For genre movies like "Rear Window", its entertainment is the fundamental essence, and it satisfies the audience's "intrinsic desires" and "social desires" catharsis at the same time. Although driving the audience’s psychology to watch movies is a consistent feature of the suspense master Hitchcock, "Rear Window" is a particularly typical work in Hitchcock’s films that plays with the audience’s psychology. It leads the audience from the perspective of the peeper. Consciously become a peeper, not only that, this peeping in the film also has a double meaning: one is that the audience uses Jeffery’s eyes to peep at the neighbor’s situation, and the other is that the audience as a voyeur peeping at Jeffery’s peeping at the neighbor’s behavior. The behavior of voyeurism is hidden in human instinct. It stems from the curiosity that everyone can't escape. Movies have become a way to satisfy the audience's voyeurism in a reasonable and legal way. At the end of "Rear Window", the murderer ran into Jeffrey's room and said to him, "What are you going to do with me? I don't have money!" Jeffrey was speechless at this time because he took photos and steals. The act of seeing is purely out of curiosity, so it cannot be justified. Even Jeffrey himself said: "I doubt whether it is moral to observe others with a telescope, just because we are just trying to prove their innocence, is it justifiable?" Hitchcock raised this question to us, but didn't To answer it, but from the perspective of the audience, this kind of voyeurism is reasonable. It should be noted that the protagonist is a voyeur, and are we all voyeurs?
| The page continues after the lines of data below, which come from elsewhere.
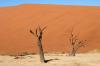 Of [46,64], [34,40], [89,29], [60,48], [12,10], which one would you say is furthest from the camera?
[12,10]

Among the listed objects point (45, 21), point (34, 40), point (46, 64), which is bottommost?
point (46, 64)

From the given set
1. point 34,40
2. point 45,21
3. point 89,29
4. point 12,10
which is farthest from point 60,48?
point 12,10

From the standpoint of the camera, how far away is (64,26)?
45.7 m

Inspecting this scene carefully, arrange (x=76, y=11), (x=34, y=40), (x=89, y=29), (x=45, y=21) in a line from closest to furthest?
(x=34, y=40), (x=89, y=29), (x=45, y=21), (x=76, y=11)

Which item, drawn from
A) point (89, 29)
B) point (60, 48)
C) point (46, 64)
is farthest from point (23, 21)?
point (46, 64)

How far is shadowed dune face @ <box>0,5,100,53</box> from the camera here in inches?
1462

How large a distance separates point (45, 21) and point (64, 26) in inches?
156

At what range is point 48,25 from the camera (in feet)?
153

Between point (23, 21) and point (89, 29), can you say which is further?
point (23, 21)

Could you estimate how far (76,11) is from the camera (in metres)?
53.0

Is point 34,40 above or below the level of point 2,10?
below

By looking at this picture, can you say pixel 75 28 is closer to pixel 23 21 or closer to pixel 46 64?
pixel 23 21

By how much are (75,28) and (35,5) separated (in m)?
17.4

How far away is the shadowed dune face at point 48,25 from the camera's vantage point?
3712 centimetres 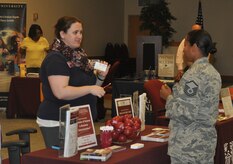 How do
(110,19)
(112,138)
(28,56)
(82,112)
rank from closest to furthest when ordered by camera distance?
(82,112)
(112,138)
(28,56)
(110,19)

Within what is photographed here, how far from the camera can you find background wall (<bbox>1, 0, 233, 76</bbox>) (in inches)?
531

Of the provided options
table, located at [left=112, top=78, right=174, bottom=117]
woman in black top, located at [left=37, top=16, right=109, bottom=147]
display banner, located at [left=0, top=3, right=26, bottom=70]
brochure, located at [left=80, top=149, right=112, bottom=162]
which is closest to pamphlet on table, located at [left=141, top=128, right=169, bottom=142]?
woman in black top, located at [left=37, top=16, right=109, bottom=147]

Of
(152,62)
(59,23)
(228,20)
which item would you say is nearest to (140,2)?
(228,20)

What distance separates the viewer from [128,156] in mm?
2660

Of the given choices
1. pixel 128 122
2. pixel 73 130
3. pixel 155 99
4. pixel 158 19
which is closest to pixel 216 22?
pixel 158 19

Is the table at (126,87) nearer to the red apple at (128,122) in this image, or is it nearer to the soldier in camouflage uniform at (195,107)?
the red apple at (128,122)

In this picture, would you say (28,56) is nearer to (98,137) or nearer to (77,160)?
(98,137)

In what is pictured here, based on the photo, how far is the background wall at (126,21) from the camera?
1350 cm

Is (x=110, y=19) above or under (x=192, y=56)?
above

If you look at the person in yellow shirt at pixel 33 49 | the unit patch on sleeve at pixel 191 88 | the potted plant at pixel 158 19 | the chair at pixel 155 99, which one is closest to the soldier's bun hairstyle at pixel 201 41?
the unit patch on sleeve at pixel 191 88

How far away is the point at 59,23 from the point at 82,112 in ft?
1.91

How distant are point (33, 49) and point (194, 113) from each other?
661cm

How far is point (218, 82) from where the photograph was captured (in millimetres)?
2803

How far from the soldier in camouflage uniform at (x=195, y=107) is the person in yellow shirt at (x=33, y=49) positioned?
252 inches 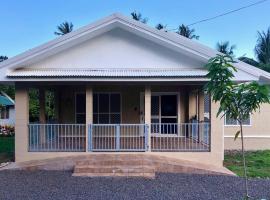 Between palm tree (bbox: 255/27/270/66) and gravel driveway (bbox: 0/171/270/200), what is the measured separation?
29040mm

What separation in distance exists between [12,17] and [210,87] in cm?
2404

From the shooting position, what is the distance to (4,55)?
6072 centimetres

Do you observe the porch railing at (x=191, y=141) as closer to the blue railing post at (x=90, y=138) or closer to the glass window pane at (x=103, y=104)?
the blue railing post at (x=90, y=138)

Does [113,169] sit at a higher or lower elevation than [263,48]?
lower

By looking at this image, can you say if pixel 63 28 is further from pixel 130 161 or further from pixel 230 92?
pixel 230 92

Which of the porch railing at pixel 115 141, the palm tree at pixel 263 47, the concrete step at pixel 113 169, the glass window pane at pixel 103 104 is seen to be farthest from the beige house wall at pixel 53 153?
the palm tree at pixel 263 47

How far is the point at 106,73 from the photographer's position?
47.0 ft

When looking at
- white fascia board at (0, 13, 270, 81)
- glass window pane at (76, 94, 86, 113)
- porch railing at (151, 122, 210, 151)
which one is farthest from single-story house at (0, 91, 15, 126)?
porch railing at (151, 122, 210, 151)

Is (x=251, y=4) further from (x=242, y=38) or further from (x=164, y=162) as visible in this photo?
(x=242, y=38)

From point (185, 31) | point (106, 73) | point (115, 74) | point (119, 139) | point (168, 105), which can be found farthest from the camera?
point (185, 31)

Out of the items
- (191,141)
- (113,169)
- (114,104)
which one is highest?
A: (114,104)

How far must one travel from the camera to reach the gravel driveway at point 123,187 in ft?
32.2

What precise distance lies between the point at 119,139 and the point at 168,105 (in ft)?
16.2

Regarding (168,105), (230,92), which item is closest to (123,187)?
(230,92) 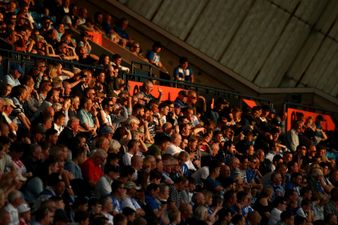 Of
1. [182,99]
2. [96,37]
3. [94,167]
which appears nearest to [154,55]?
[96,37]

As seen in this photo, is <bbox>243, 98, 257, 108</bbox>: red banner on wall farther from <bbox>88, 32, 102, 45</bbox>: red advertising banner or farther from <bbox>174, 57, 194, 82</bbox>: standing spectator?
<bbox>88, 32, 102, 45</bbox>: red advertising banner

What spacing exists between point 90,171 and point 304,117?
12.0 metres

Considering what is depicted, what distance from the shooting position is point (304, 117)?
27.3 metres

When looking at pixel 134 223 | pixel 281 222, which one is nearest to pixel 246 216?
pixel 281 222

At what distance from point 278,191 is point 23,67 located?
17.7 ft

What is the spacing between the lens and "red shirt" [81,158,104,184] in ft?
53.4

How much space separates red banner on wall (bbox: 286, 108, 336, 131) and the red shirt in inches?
419

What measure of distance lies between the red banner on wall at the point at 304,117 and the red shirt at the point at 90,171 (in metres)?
10.6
The paradox of morality makes the film text of "Rear Window" more multi-interpreted. Through this window, we can see human curiosity and peeping desire instinct, see the helplessness of morality in front of desire, and see the human nature. Escape from assuming responsibility and see the plight of human beings in chasing and choosing... "Rear Window" talks about a story about family and love, the narrative of atypical linear structure and the displacement of spatial perspectives. The audience watched the whole movie. During the process, they maintain a sense of moral identity with the protagonist, and the murderer's confession to Jeffery in the ending also makes people empathize with him like Jeffery. According to Truffaut, "Rear Window" can be said to be Hitchcock's best play. It has a rigorous structure, strong passion and rich details. Perhaps it is slightly inferior to "Mentally Ill" in terms of emotional mobilization. The plot’s ups and downs are not as deep and pathological as in "Northwest by North", and the psychological anatomy of the characters is not as profound and pathological as "Dizziness", but this work is rigorous and exquisite enough, with profound and multi-level readability, although the layout is Small, with a particularly large structure, it is still fascinating after more than sixty years of its existence.